# Aim of the task
Each entry that follows should be set down precisely, with its pictures removed.

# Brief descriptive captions
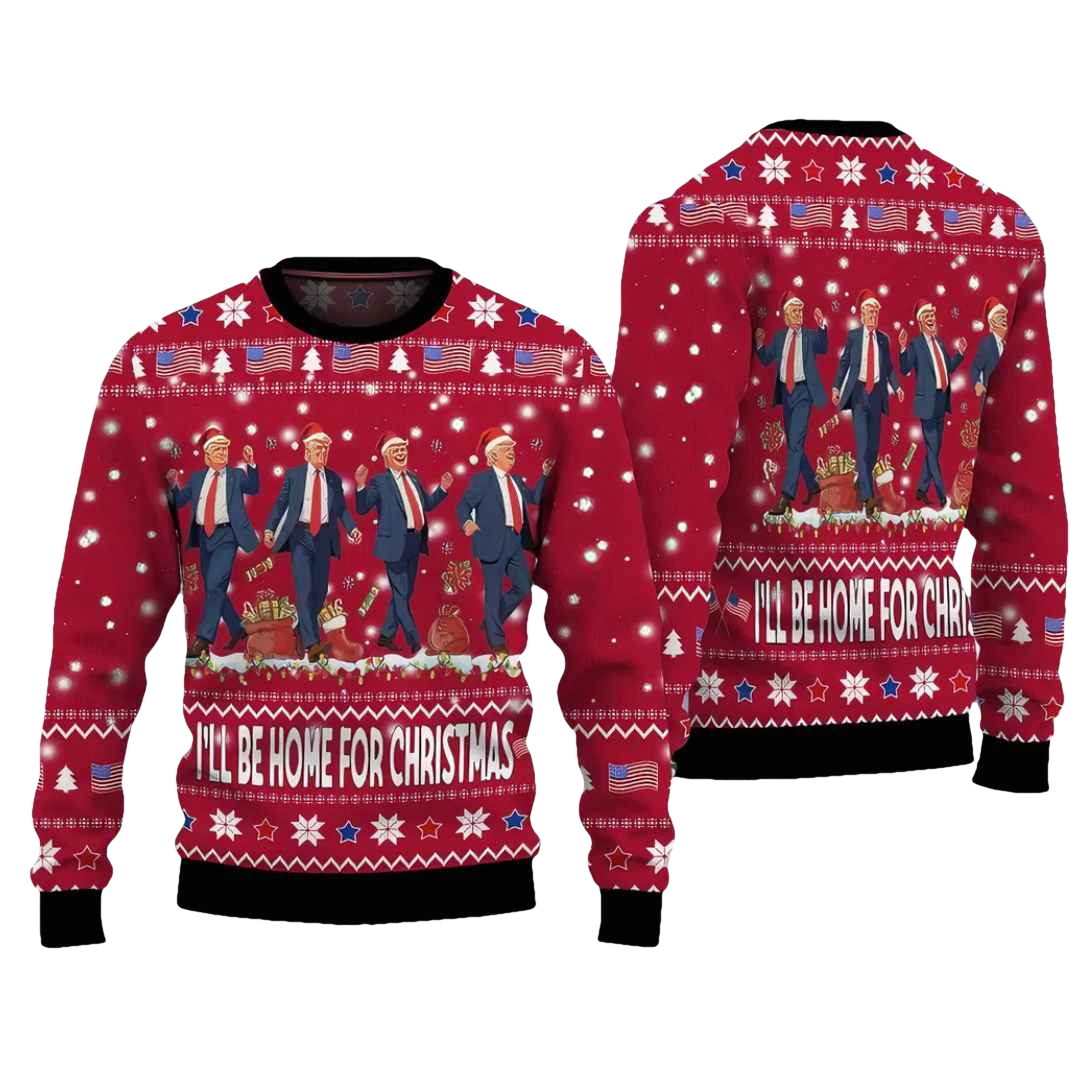 Trump I'll Be Home for Christmas Ugly Sweater - Moonbestprint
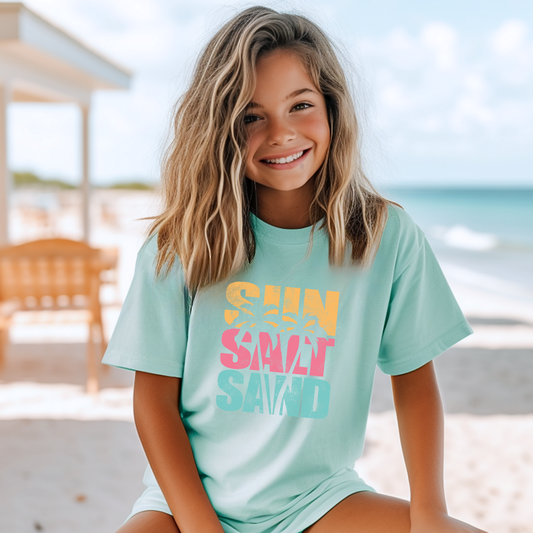 Sun Salt Sand Youth Oversized Beach Tee – Comfort Colors 9018
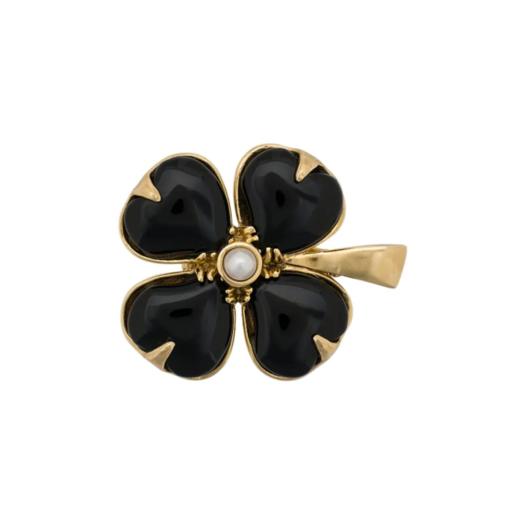 北京仓｜Goossens Paris-Trefle-天然黑色玛瑙 珍珠 胸针［法国设计师］ 商品图2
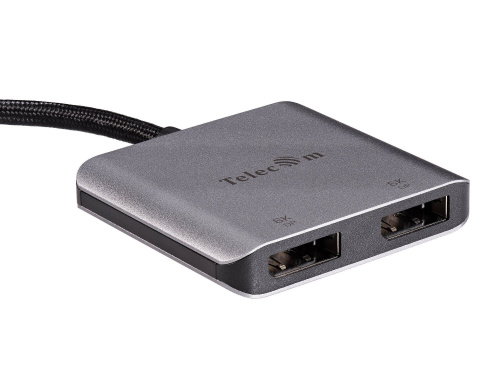Кабель соединительный DP(m)--> dual DP(f) MST HUB 0.15m , 8K@60Hz +1m USB-C charge cable,TELECOM <TUC603> фото 2 Кабель соединительный DP(m)--> dual DP(f) MST HUB 0.15m , 8K@60Hz +1m USB-C charge cable,TELECOM <TUC603> фото 2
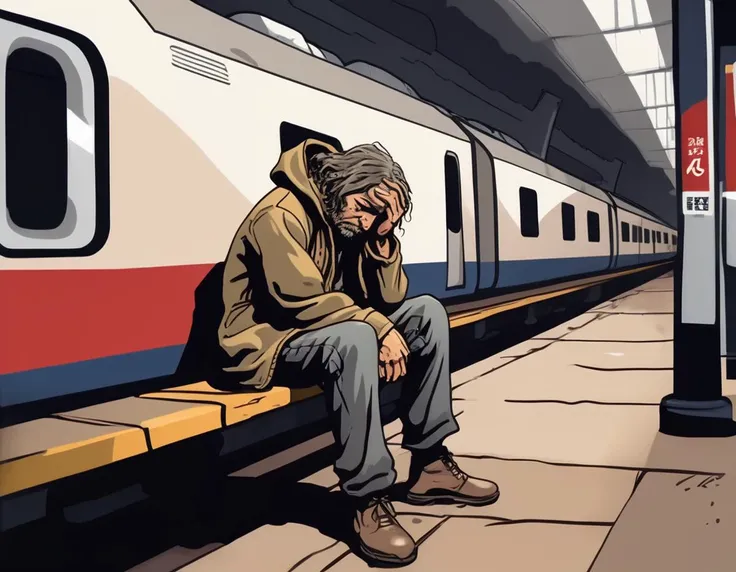 A poignant scene of a homeless person at a train station, displaying a look of utter despair. The character is depicted with worn clothing, disheveled hair, and a face etched with hardship and hopelessness. The setting is a busy or desolate train station, depending on the mood you want to convey, with details like benches, ticket machines, and passing trains or passengers. The scene should be as vivid and detailed as a high-resolution photograph or painting, with soft and somber lighting that emphasizes the homeless person's expression, the texture of the worn clothing, and the contrasting atmosphere of the train station, <lora:houseman:1>, <lora:jsmnStyle:0.75>, jsmn style,  housemanku, ku,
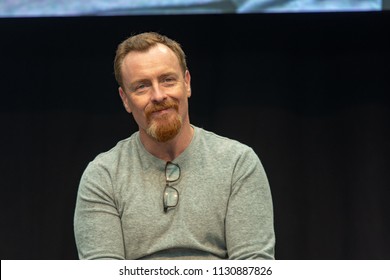 STUTTGART, GERMANY - JUN 30th 2018: Toby Stephens (Black Sails, Lost In Space) At Comic Con Germany Stuttgart, A Two Day Fan Convention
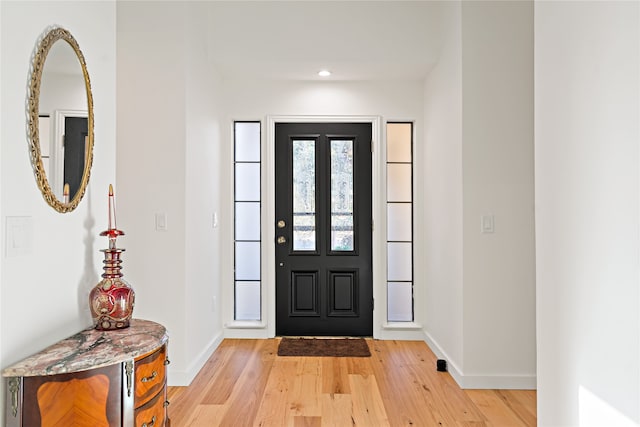 foyer with light hardwood / wood-style floors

# Answer box
 Trump I'll Be Home for Christmas Ugly Sweater - Moonbestprint
 Sun Salt Sand Youth Oversized Beach Tee – Comfort Colors 9018
 北京仓｜Goossens Paris-Trefle-天然黑色玛瑙 珍珠 胸针［法国设计师］ 商品图2
Кабель соединительный DP(m)--> dual DP(f) MST HUB 0.15m , 8K@60Hz +1m USB-C charge cable,TELECOM <TUC603> фото 2 Кабель соединительный DP(m)--> dual DP(f) MST HUB 0.15m , 8K@60Hz +1m USB-C charge cable,TELECOM <TUC603> фото 2
 A poignant scene of a homeless person at a train station, displaying a look of utter despair. The character is depicted with worn clothing, disheveled hair, and a face etched with hardship and hopelessness. The setting is a busy or desolate train station, depending on the mood you want to convey, with details like benches, ticket machines, and passing trains or passengers. The scene should be as vivid and detailed as a high-resolution photograph or painting, with soft and somber lighting that emphasizes the homeless person's expression, the texture of the worn clothing, and the contrasting atmosphere of the train station, <lora:houseman:1>, <lora:jsmnStyle:0.75>, jsmn style,  housemanku, ku,
 STUTTGART, GERMANY - JUN 30th 2018: Toby Stephens (Black Sails, Lost In Space) At Comic Con Germany Stuttgart, A Two Day Fan Convention
 foyer with light hardwood / wood-style floors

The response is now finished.